2) HE’S WITH THE ANGELS NOW. This one gets me. Listen, I’m eager to meet some angels and to learn what they are all about. I’m especially eager to meet the angel who comforted Jesus in the garden of Gethsemane. What I wouldn’t give to know what words he spoke in that moment! But here’s the thing: When I die I won’t be with the angels. I’ll be with Jesus. To say I’m with the angels is like watching a man walk into Buckingham Palace and saying, “He’s with the queen’s secretary now.” While that is strictly true, it’s also completely missing the point. He’s with the queen! And when I’m no longer with you, I’ll be with the king.

3) GOD NEEDED ANOTHER ANGEL. Please don’t say this.

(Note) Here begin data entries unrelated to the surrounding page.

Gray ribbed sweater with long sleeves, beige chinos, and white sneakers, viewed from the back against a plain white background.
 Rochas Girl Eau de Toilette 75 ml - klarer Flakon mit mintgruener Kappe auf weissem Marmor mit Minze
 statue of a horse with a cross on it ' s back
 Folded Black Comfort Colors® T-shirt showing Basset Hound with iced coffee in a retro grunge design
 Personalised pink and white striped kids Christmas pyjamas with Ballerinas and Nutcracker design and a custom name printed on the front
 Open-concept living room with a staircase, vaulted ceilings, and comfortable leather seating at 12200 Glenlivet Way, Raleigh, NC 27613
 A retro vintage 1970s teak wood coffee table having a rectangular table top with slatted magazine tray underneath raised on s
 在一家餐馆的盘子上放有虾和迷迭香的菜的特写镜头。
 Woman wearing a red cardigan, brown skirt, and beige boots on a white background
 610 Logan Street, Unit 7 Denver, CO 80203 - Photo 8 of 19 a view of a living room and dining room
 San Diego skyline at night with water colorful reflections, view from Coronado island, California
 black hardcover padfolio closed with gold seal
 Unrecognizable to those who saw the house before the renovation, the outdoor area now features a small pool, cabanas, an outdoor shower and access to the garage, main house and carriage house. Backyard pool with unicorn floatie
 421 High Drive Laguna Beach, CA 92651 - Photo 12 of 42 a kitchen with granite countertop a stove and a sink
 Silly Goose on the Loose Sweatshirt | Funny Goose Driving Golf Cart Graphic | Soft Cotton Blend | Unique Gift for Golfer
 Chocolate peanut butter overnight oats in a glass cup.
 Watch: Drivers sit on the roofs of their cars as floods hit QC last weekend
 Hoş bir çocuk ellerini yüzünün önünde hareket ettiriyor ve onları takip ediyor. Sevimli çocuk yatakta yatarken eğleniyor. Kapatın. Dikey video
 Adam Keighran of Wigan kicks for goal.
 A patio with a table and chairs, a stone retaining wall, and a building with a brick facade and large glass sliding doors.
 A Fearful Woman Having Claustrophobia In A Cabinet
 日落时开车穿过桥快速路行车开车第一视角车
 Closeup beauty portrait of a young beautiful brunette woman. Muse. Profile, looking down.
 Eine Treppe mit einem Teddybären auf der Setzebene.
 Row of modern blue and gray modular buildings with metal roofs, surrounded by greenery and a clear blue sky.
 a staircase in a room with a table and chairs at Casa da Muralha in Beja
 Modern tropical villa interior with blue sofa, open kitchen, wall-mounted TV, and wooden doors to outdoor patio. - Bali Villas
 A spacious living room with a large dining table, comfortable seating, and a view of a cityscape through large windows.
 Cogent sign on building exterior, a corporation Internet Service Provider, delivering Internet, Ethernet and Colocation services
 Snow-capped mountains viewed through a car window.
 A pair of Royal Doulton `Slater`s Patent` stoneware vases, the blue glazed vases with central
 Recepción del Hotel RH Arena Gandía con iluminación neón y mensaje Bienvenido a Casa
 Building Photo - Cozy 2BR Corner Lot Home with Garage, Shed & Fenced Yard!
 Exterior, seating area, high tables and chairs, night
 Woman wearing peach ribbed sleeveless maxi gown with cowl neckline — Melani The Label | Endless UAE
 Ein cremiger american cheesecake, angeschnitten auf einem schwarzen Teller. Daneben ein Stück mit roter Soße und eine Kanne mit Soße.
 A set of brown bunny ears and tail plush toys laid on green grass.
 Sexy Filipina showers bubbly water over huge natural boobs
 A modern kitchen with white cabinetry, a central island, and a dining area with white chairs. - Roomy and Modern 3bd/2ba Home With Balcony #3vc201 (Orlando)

Please don’t say this because if you know me you know that I’m no angel. But even more, don’t say this because it completely misrepresents both men and angels as if human beings aspire to evolve or transform into some kind of supernatural being. Angels and humans are completely different orders of being! Iguanas don’t die and become giraffes and men don’t die and become angels. I’m a human being now and will be a human being for the rest of eternity.

4) HE WAS A GOOD PERSON. He is now, but he wasn’t always. He is good now that he’s in that place where he has been perfected by an instantaneous act of God. He is good now that God has transformed him to take away all desire for ungodliness and unholiness. He’s good now, but he wasn’t on this side of the grave. Frankly, he could be kind of a jerk at times. He could be moody and arrogant and self-centered. He was bad. But he was also forgiven and battling to kill his love of sin and desire for sin. He was learning and growing and displaying God’s grace. But he wasn’t good. Not like he is now. Not like God had created him to be.

5) HE WOULDN’T WANT YOU TO CRY. Go ahead and cry. You don’t need to cry for me, of course. But I wouldn’t tell you not to cry at all. Every funeral is an opportunity to consider the harsh reality of human mortality and the treasonous acts that made this mortality inevitable. There is no virtue in a stiff upper lip. There is no virtue in suppressing grief. There is no virtue in thinking that the joy of one man entering heaven ought to dispel the grief of those who are left behind. Funerals are a perfectly appropriate time to mourn—to mourn for the one who died, to mourn for others you miss, to mourn your own mortality, and to mourn the One who died so we could live.

6) WE’RE NOT HAVING A FUNERAL; WE’RE HAVING A CELEBRATION. Why pit the two against one another as if only one can be true? We are having a funeral and it is a genuinely sad occasion. Yet we do not, can not, must not mourn as those who have no hope. A Christian funeral marks both a departure and an arrival; it provides an occasion for both grief and joy. As the poet says, “One short sleep past we wake eternally, and death shall be no more.” A sunset brings cold darkness but also the warm hope of dawn. Death brings the end of a very short life and the beginning of a never-ceasing one. It’s as wrong to refuse to mourn as it is to mourn without hope.”